Source data:

»»

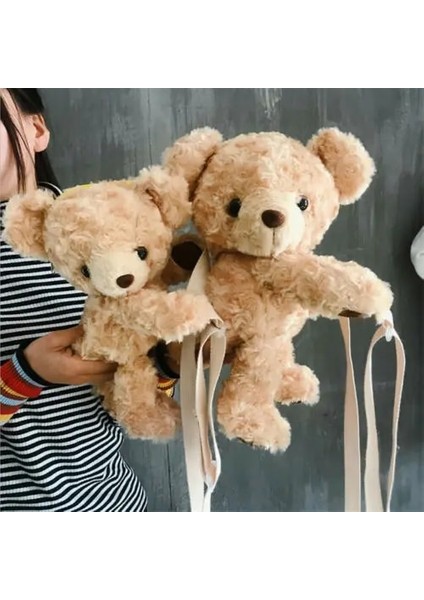 20CM Tarzı Kadın Çapraz Vücut Messenger Çanta Küçük Çanta Omuz Tote Satchel Retro Komik Kızlar Sevimli Gülümseme Ayı Peluş Bebek Lolita Çanta (Yurt Dışından) modelleri
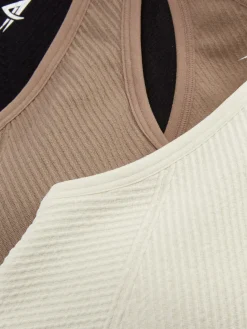 Soutiens-Gorge|Primark Lot De 3 Soutiens-gorge De Sport Sans Coutures Grège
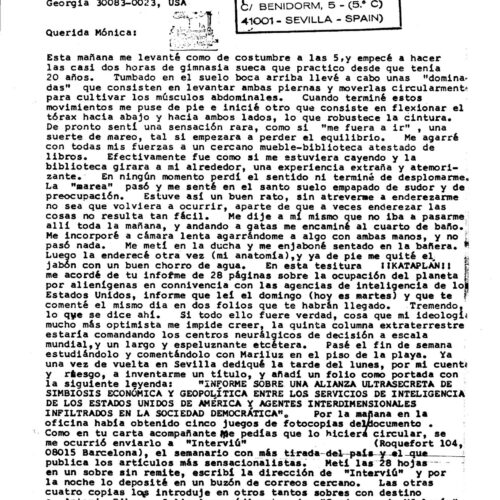 Disuasion Ufologica,Matrix,1988 - Imagen 1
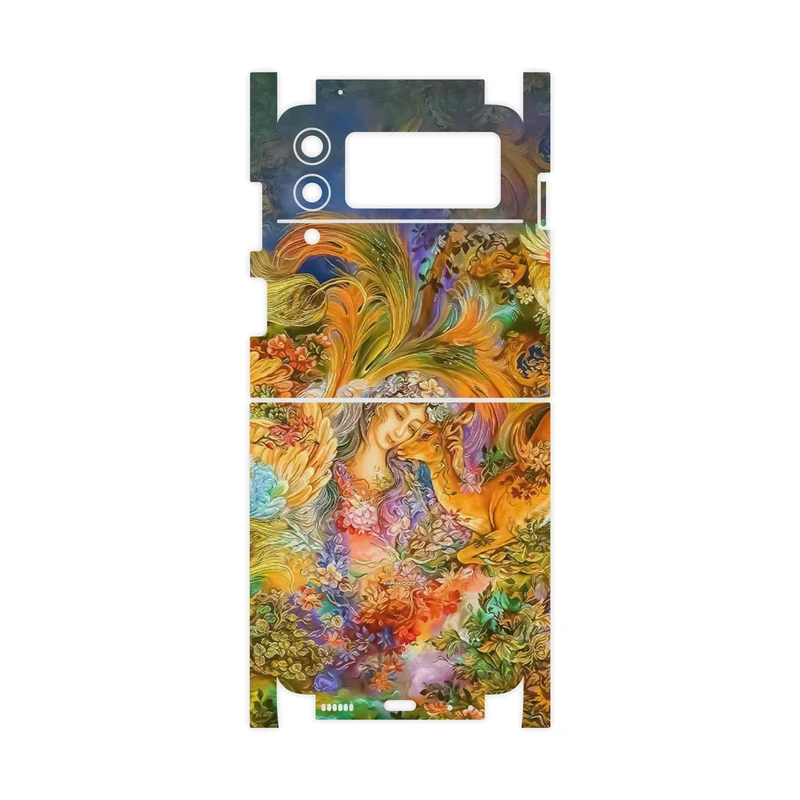 برچسب پوششی ماهوت مدل Persian miniature 3-FullSkin مناسب برای گوشی موبایل سامسونگ Galaxy Z Flip3 5G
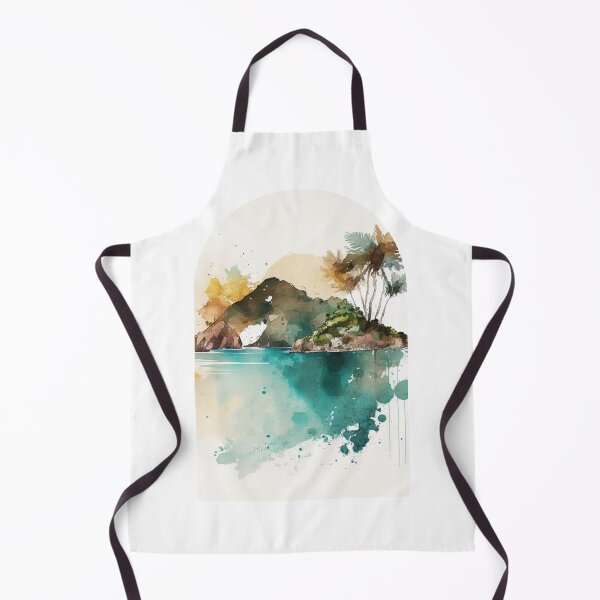 Item preview, Virgin Islands National Park Boho Watercolor Arch designed and sold by PikoApparel.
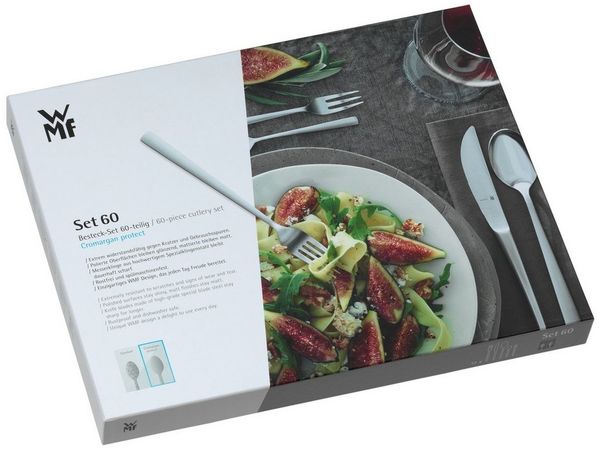 WMF 'Verona' Besteck Set 60-tlg., Edelstahl silber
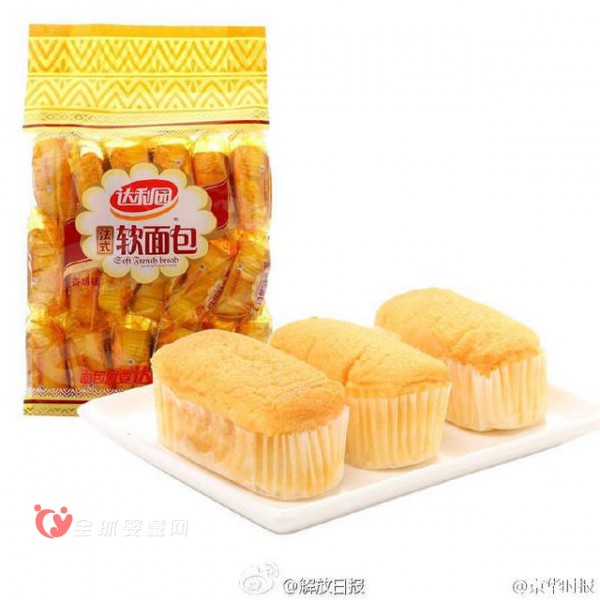 达利园法式软面包被检出菌落总数超标186倍 食品安全堪忧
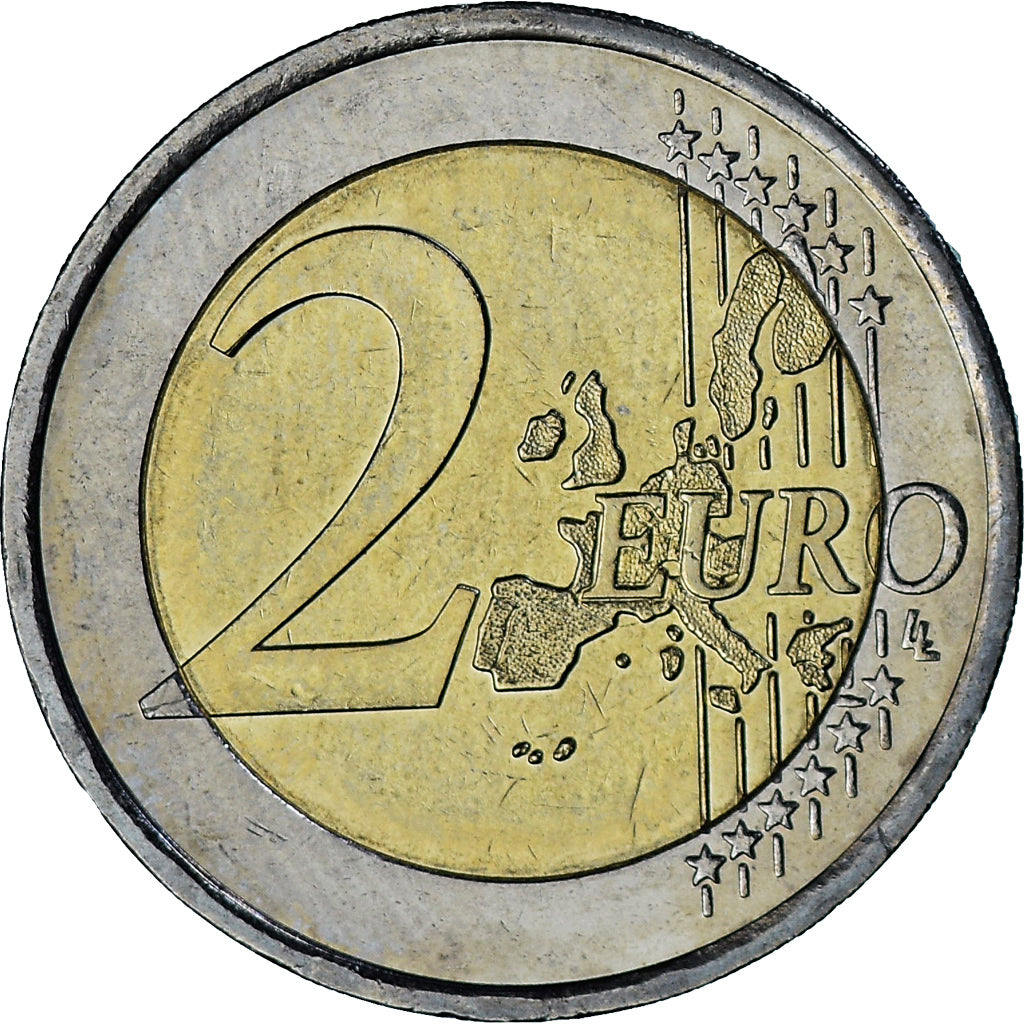 Monaco, Rainier III, 2 Euro, 2002, Paris, VZ, Bi-Metallic, Gadoury:MC179, KM:174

««

Task to complete: Could the entries above be written out word for word, pictures excluded?

Answer to this task:
 20CM Tarzı Kadın Çapraz Vücut Messenger Çanta Küçük Çanta Omuz Tote Satchel Retro Komik Kızlar Sevimli Gülümseme Ayı Peluş Bebek Lolita Çanta (Yurt Dışından) modelleri
 Soutiens-Gorge|Primark Lot De 3 Soutiens-gorge De Sport Sans Coutures Grège
 Disuasion Ufologica,Matrix,1988 - Imagen 1
 برچسب پوششی ماهوت مدل Persian miniature 3-FullSkin مناسب برای گوشی موبایل سامسونگ Galaxy Z Flip3 5G
 Item preview, Virgin Islands National Park Boho Watercolor Arch designed and sold by PikoApparel.
 WMF 'Verona' Besteck Set 60-tlg., Edelstahl silber
 达利园法式软面包被检出菌落总数超标186倍 食品安全堪忧
 Monaco, Rainier III, 2 Euro, 2002, Paris, VZ, Bi-Metallic, Gadoury:MC179, KM:174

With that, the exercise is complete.